To solve for the tensions in the ropes, we resolve the forces horizontally and vertically.

Let the tension in rope PA be \(T_A\) and in rope PB be \(T_B\).

Resolving horizontally:

\(T_A \cos 50^{\circ} - T_B \cos 10^{\circ} = 0\)

Resolving vertically:

\(T_A \sin 50^{\circ} + T_B \sin 10^{\circ} = 20g\)

Solving these equations simultaneously:

From the horizontal resolution, \(T_A \cos 50^{\circ} = T_B \cos 10^{\circ}\).

Substitute \(T_A = \frac{T_B \cos 10^{\circ}}{\cos 50^{\circ}}\) into the vertical resolution:

\(\frac{T_B \cos 10^{\circ}}{\cos 50^{\circ}} \sin 50^{\circ} + T_B \sin 10^{\circ} = 20g\)

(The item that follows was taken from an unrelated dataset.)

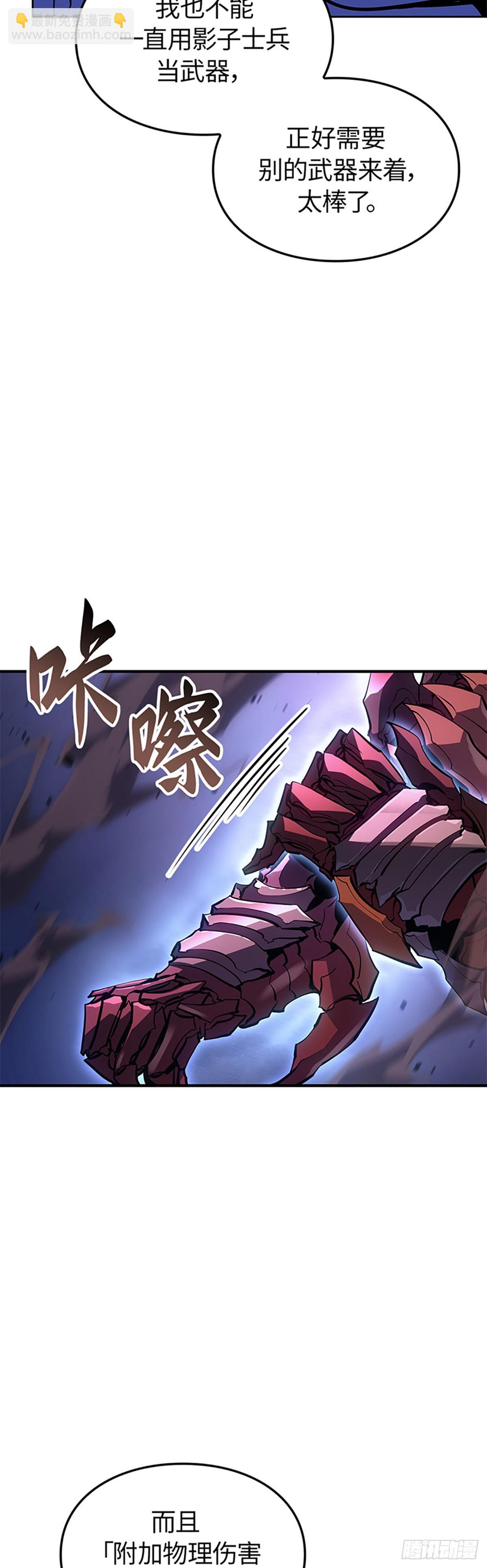 我獨自升級 ：諸神黃昏 - 第15話 每日任務(1/2) - 8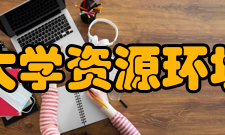 兰州大学资源环境学院历史沿革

\(T_B \left( \frac{\cos 10^{\circ} \sin 50^{\circ}}{\cos 50^{\circ}} + \sin 10^{\circ} \right) = 20g\)

Solving for \(T_B\):

\(T_B = \frac{20g}{\frac{\cos 10^{\circ} \sin 50^{\circ}}{\cos 50^{\circ}} + \sin 10^{\circ}}\)

\(T_B = 200 \text{ N}\)

Substitute \(T_B\) back to find \(T_A\):

\(T_A = \frac{200 \cos 10^{\circ}}{\cos 50^{\circ}}\)

\(T_A = 306 \text{ N}\)

Alternatively, using Lami's Theorem:

\(\frac{T_A}{\sin 80^{\circ}} = \frac{T_B}{\sin 140^{\circ}} = \frac{20g}{\sin 140^{\circ}}\)

Solving gives the same tensions: \(T_A = 306 \text{ N}\) and \(T_B = 200 \text{ N}\).